■ **Exercise details**
Leave every image out, and return the rest of the data word for word.

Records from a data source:

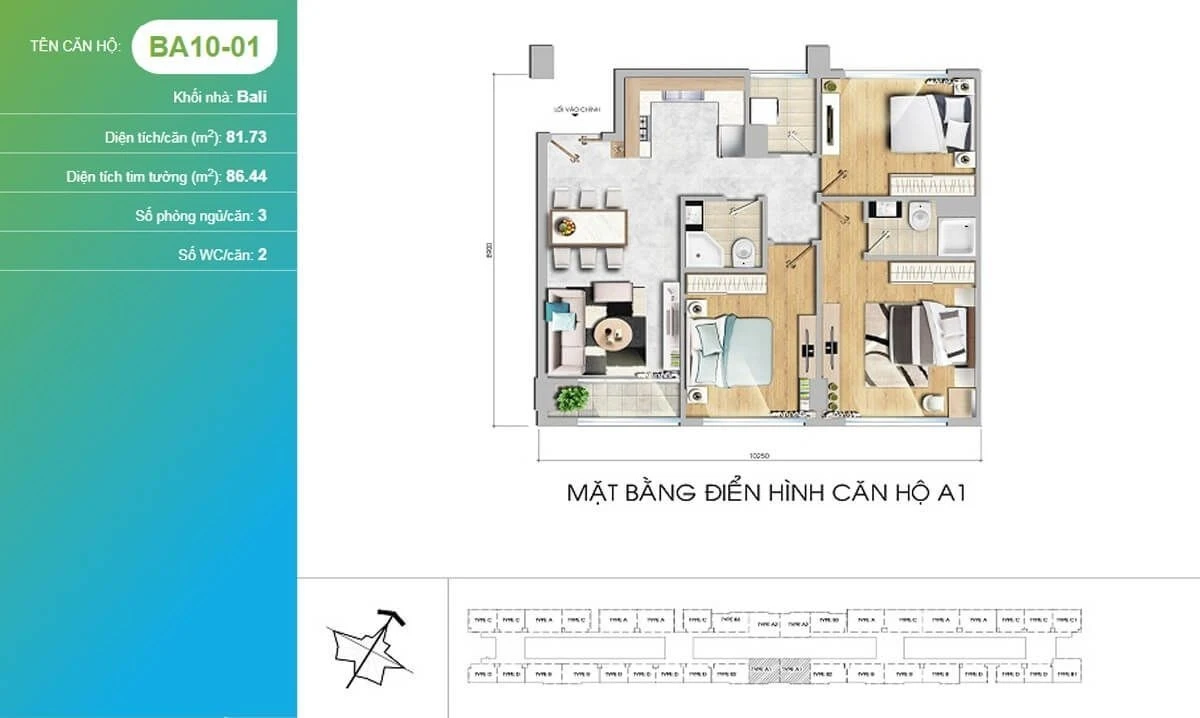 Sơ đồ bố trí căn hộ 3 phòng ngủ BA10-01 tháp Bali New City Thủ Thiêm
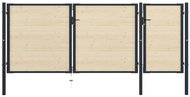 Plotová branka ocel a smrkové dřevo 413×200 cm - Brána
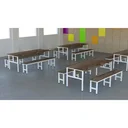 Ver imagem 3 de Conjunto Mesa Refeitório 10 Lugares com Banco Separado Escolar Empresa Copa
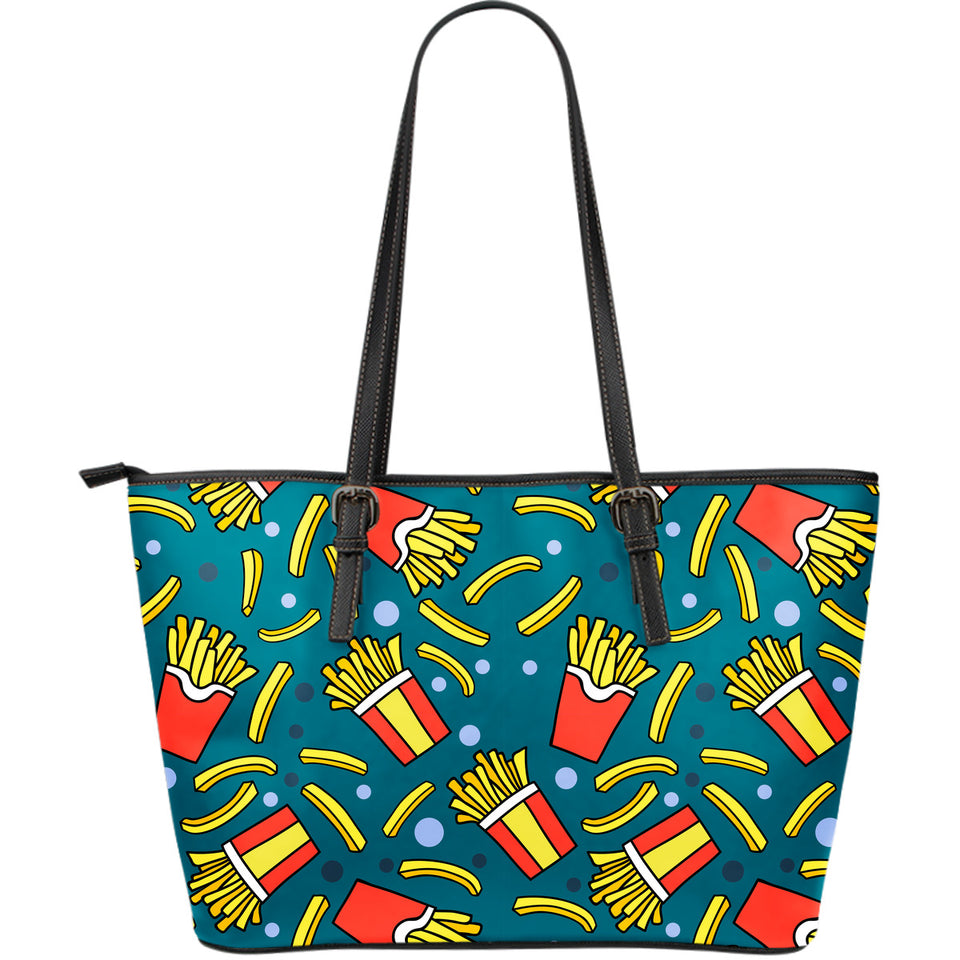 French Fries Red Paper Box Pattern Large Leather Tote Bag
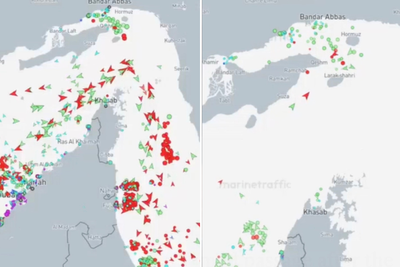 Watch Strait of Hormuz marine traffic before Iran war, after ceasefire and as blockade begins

■ **Result of this exercise**
 Sơ đồ bố trí căn hộ 3 phòng ngủ BA10-01 tháp Bali New City Thủ Thiêm
 Plotová branka ocel a smrkové dřevo 413×200 cm - Brána
 Ver imagem 3 de Conjunto Mesa Refeitório 10 Lugares com Banco Separado Escolar Empresa Copa
 French Fries Red Paper Box Pattern Large Leather Tote Bag
 Watch Strait of Hormuz marine traffic before Iran war, after ceasefire and as blockade begins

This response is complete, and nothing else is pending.